企業は景気回復で需要が増えても、「どうせ遠からず、再び景気が悪化するだろう」と考えるし、失業者は仕事にありついても、「どうせ遠からず、再び失業するだろう」と思うし、サラリーマンの場合はリストラの恐怖から解放されても、「どうせ遠からず、再びリストラの嵐が吹き荒れるだろう」と思うわけだ。

 企業のデフレマインドは、日銀短観から推測できる。利益などの客観的な指標が極めて良好であるにもかかわらず、業況判断DIはバブル期に遠く及んでいない。
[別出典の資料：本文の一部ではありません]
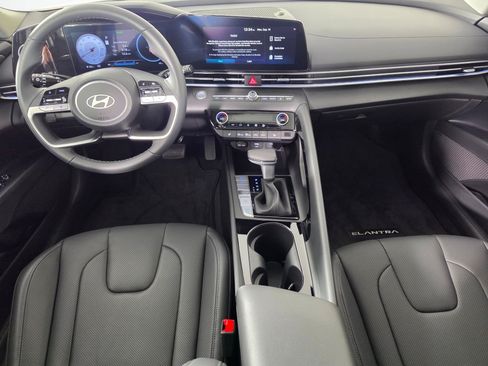 Used 2026 Hyundai Elantra Limited FWD image 13
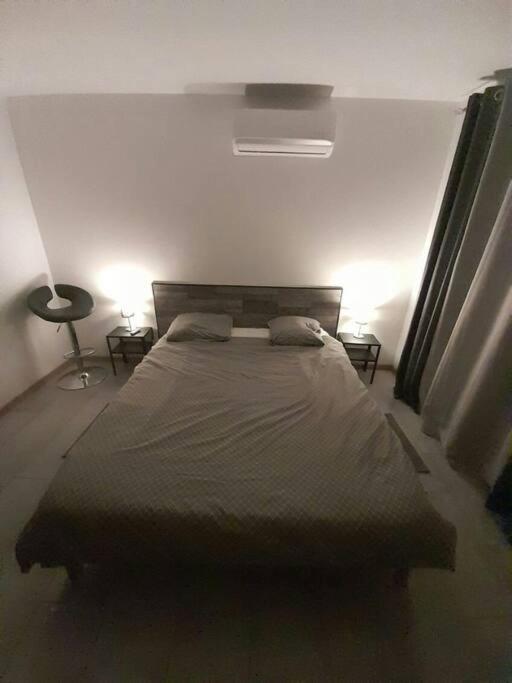 Appartement Spacieux &Tres Calme. Spacious & Very Quiet Apartment. Carros Exteriér fotografie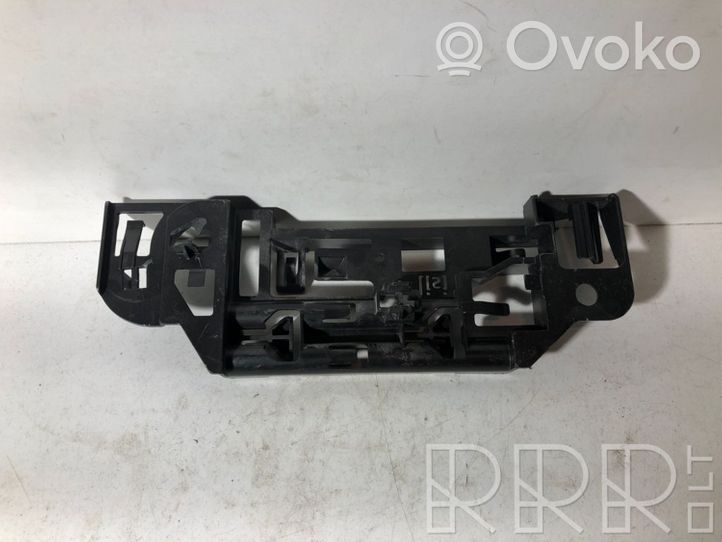 Peugeot 5008 Boîte à outils 9824003180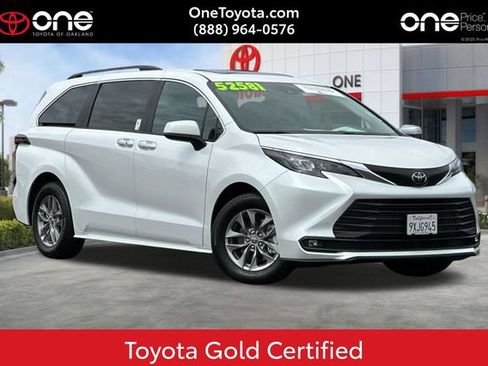 Used 2026 Toyota Sienna XLE FWD image 1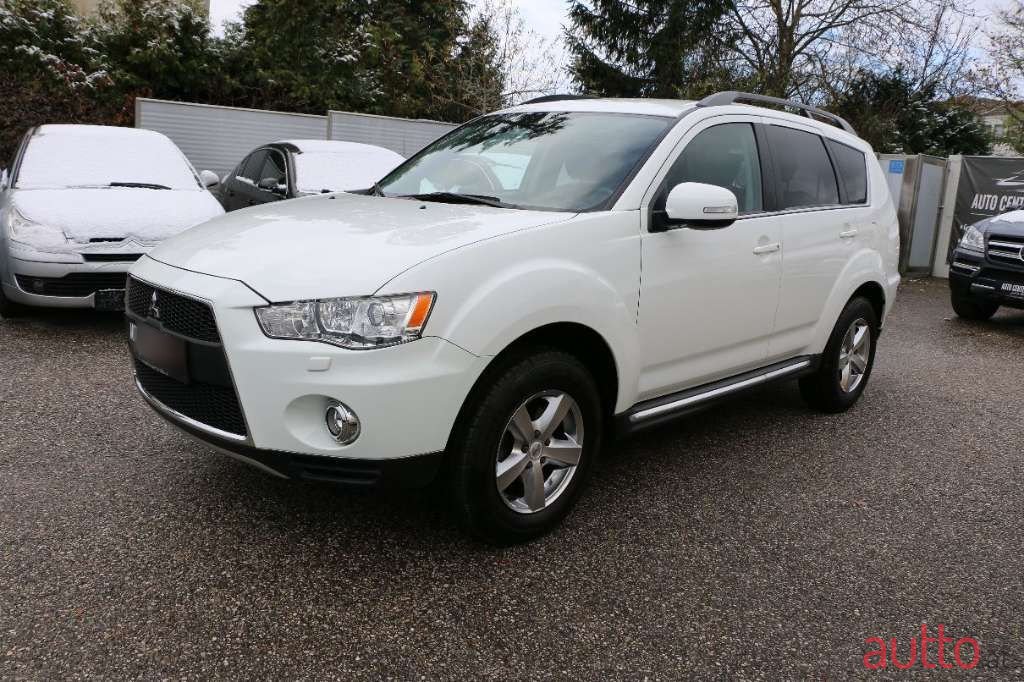 2012' Mitsubishi Outlander photo #3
 消費者のデフレマインドは、消費者態度指数から推測できる。消費者態度指数は、今後の暮らし向き、収入の増え方、雇用環境等の指標を合成したものだが、直近の数値は43.7で、バブル期はもちろんのことリーマンショック前の水準も大幅に下回っているのだ。

給料が上がらないことに加え
「老後不安」も原因

 家計の景況感がさえないことも、一因はデフレマインドだろうが、こちらは他にも原因が多数ありそうだ。

 その1つは、正社員の給料が上がらないことであろう。「春闘での賃上げ、大企業は期待薄でも中小企業には薄日の理由」でも書いたように、正社員の給料はようやく薄日が差した程度だ。バブル崩壊後の「グローバルスタンダード」の流行によって、企業が「従業員の共同体」から「企業の金儲けの道具」に変身してしまった結果だ。

 雇用者数は増えているが、「本来は定年後に引退するはずだったサラリーマンが定年後も仕事にありつけた」といった場合には、景気がいいから仕事が見つかったにもかかわらず、本人としては「景気がいい」と感じるよりも「収入が減った」と感じ、景況感がさえなくなってしまう。「景気が悪かったら自分は仕事にありつけなかったかもしれない」と気づくには、かなりの想像力を必要とするからだ。

 もう1つ重要なのは、老後不安だろう。

 財政赤字が膨らんで、政府の財政が将来は破綻するかもしれないと考える人が増えている。加えて、少子高齢化で年金財政が将来は破綻すると考える人もだ。もしかすると、「人生100年時代」という言葉を聞いて、「100歳まで生きたら老後の蓄えが底を突いてしまう」と不安に思っている人も多いかもしれない。